Do meu ponto de vista, o que ele realmente conseguiu foi uma versão santificada de Elvis consagrada apenas por seus fãs mais delirantes. Mas talvez seja um bom lugar para começar, um portal através do qual os curiosos possam começar a descobrir mais por si mesmos. No mínimo, coloca Elvis de volta em contato com a cultura contemporânea, quando parece que ele corria o risco de desaparecer completamente. Um destino certamente não só dele.
Na semana passada, a caminho de um show em Liverpool, meu taxista perguntou o que estava acontecendo no Anfield Stadium.

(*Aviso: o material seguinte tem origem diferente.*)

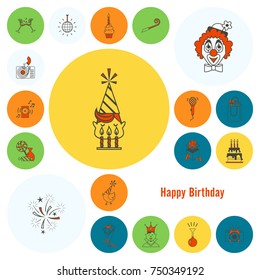 Happy Birthday Icons Set. Simple, Minimalistic and Flat Style. Colorful. Vector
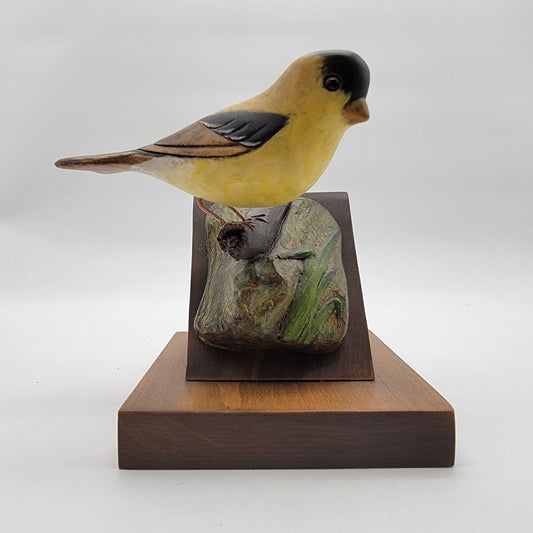 1983 Grant Goltz Hand Carved Goldfinch Wood Bird Sculpture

Os Rolling Stones”, eu disse.
“Eles estão rolando o quê?” disse o motorista, um jovem de 20 anos.
“Os Stones estão jogando”, insisti.
“Tem um jogo?” ele disse. “Achei que a temporada tinha acabado.”
Acontece que ele realmente nunca tinha ouvido falar dos Rolling Stones, aclamados como a maior banda de rock ‘n’ roll do mundo por seis décadas.
“Eu nasci nos anos 90”, ele deu de ombros.
Mas aqui está a coisa. Aposto que o taxista e todos aqueles jovens noviços de Elvis sabem quem são Freddie Mercury e Queen, tal foi o impacto da cinebiografia de Bohemian Rhapsody em 2018. Voltando às bandas seminais da década de 1960, quanto custa o prestígio duradouro dos The Doors deve ao filme biográfico de Oliver Stone de 1991 com Val Kilmer como Jim Morrison? Em termos de autenticidade biográfica, ambas as encarnações fílmicas eram, na melhor das hipóteses, duvidosas.
No entanto, sua arrogância cinematográfica e narrativas míticas se mostraram extremamente eficazes em apresentar música antiga às novas gerações. O ressurgimento do interesse contemporâneo em The Sex Pistols tem sido intimamente aliado à série de TV de seis partes da Disney, Pistol, apesar do vocalista John Lydon descartá-la como “uma fantasia de classe média”.
Bohemian Rhapsody, por sua vez, deu ao seu Live Aid um soco emocional ao aumentar a linha do tempo do diagnóstico de Aids de Freddie Mercury em dois anos. Será interessante ver o que acontece com o próximo drama dos Rolling Stones dos criadores de The Crown, que pagaram à banda £ 50 milhões (NZ$ 97 milhões) pelo uso de sua música.
Para aqueles que não estão familiarizados com a história original ou não têm nenhum apego particular ao assunto, todas as liberdades ultrajantes envolvidas em comprimir uma vida complicada em uma narrativa dramática coerente são irrelevantes. O que esse público quer é se divertir. E o Elvis de Luhrmann faz isso com uma energia enérgica voltada para os gostos de uma geração TikTok.
Há material incrível para um conto genuinamente épico de triunfo e tragédia sem necessidade de dissimulação. Mas tal filme nunca seria feito com a cooperação do espólio de Presley, ainda dirigindo uma das carreiras póstumas mais lucrativas do showbiz. O rei está morto. Mas na fantasia lúgubre de Luhrmann, Elvis vive novamente.